--- Source material ---

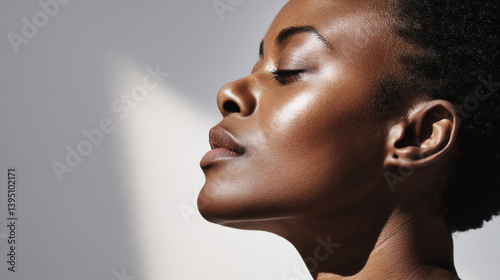 Close-up on hydrated melanin skin (African American woman) for modern skincare brands and campaigns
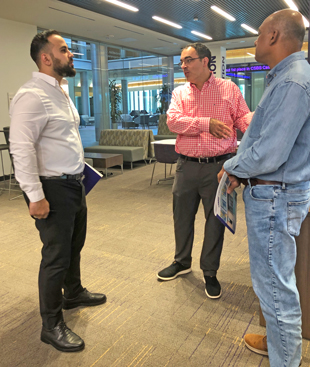 Omed Zawity and Farris Moussa talk in the JMU College of Business building.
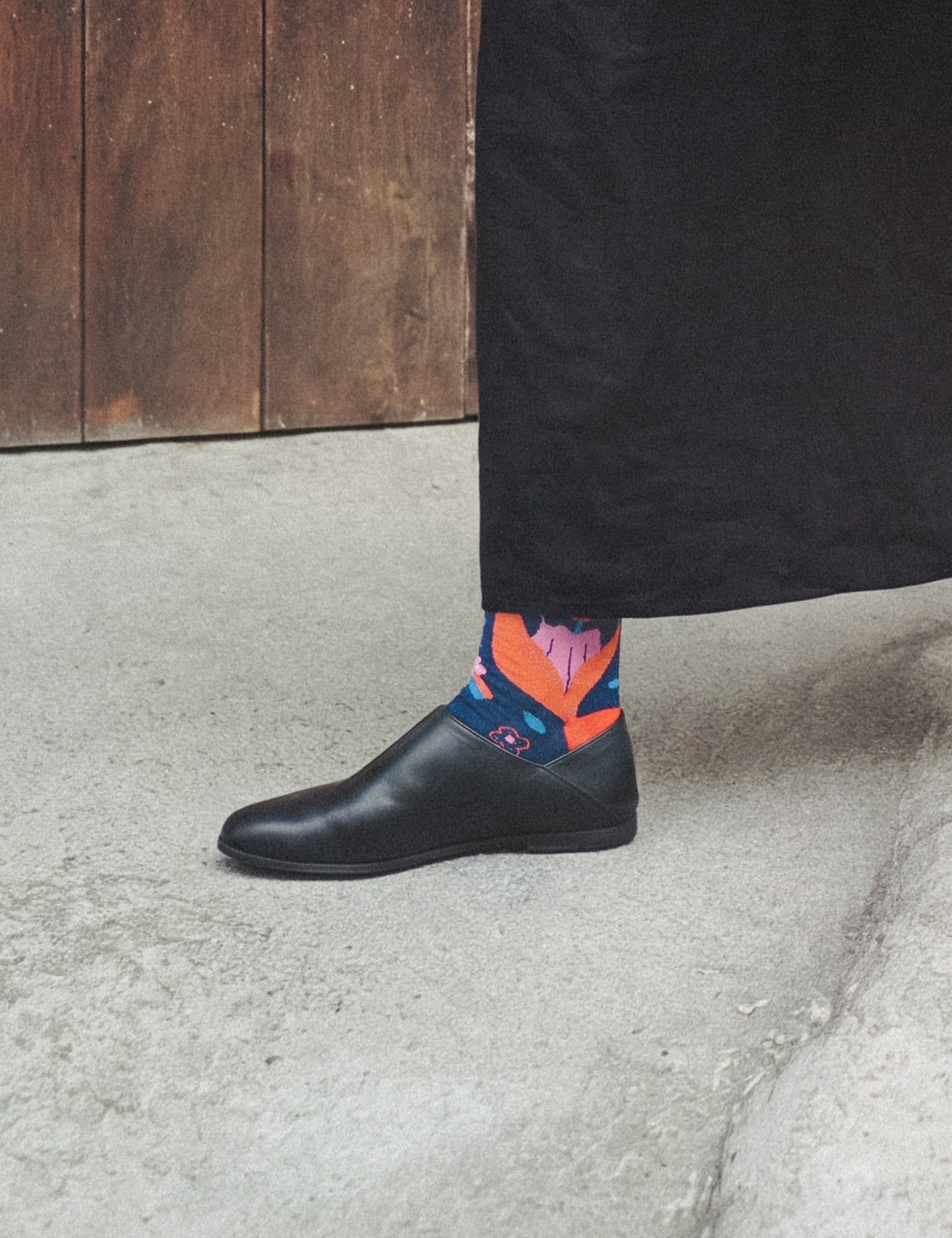 Person in long black skirt and black slipper on concrete by a wooden door, wearing Limono Rain Clouds Black socks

---

Prompt → Extract, word for word, every line from the one containing "Omed Zawity and" to the end of the data above, both ends included, and leave out the pictures.

Task response →
 Omed Zawity and Farris Moussa talk in the JMU College of Business building.
 Person in long black skirt and black slipper on concrete by a wooden door, wearing Limono Rain Clouds Black socks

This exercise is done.